Nonetheless, I knew that more could be done. The BERT fine-tuning approach came with a number of different drawbacks. For instance, the model was only trained on a total of the eight most frequently occuring labels. This was in large part due to my naïve design of the model and the unavoidable limitations of multi-label classification: the more labels there are, the worse the model performs. The fact that the dataset had been manually labeled by me, who tagged articles back then without much thought, certainly did not help.

The supervised leanring approach I took with fine-tuning also meant that the model could not learn to classify new labels it had not seen before. After all, the classification head of the model was fixed, so unless a new classifier was trained from scratch using new data, the model would never learn to predict new labels. Retraining and fine-tuning the model again would be a costly, resource-intensive operation.

While there might be many ways to go about this problem, I’ve come to two realistic, engineerable solutions: zero-shot classification and keyword extraction as a means of new label suggestion. In today’s post, I hope to explore the latter in more detail by introducing an easy way of extracting keywords from a block of text using transformers and contextual embeddings. The method introduced in this post heavily borrows the methodology introduced in this Medium article by Maarten Grootendorst, author of the KeyBERT. I highly recommend that you check out both his post as well as the library on GitHub.

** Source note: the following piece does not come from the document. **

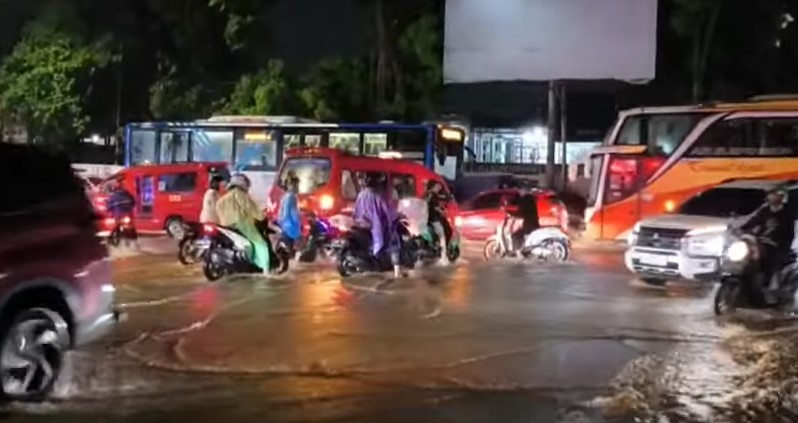 Banjir Terjadi di Jalan Raya Bogor Kramatjati, Kali Baru Kembali Meluap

Without futher ado, let’s jump right in!


Before we get down into the engineering details, here’s a bird’s eye view of what we want to achieve. Given a block of text, we want to have a function or model that is able to extract important keywords. We might specify as a parameter how many keywords we want to extract from the given text. Finally, once we have those keywords, the idea is that each of these keywords could potentially be used as a tag for a blog post. This way, we can overcome the shortcomings of the supervised learning approach with BERT fine-tuning discussed earlier.

I’m writing this tutorial on Google Colab, so let’s go ahead and install the packages that Colab does not ship with my default: spaCy and HuggingFace transformers.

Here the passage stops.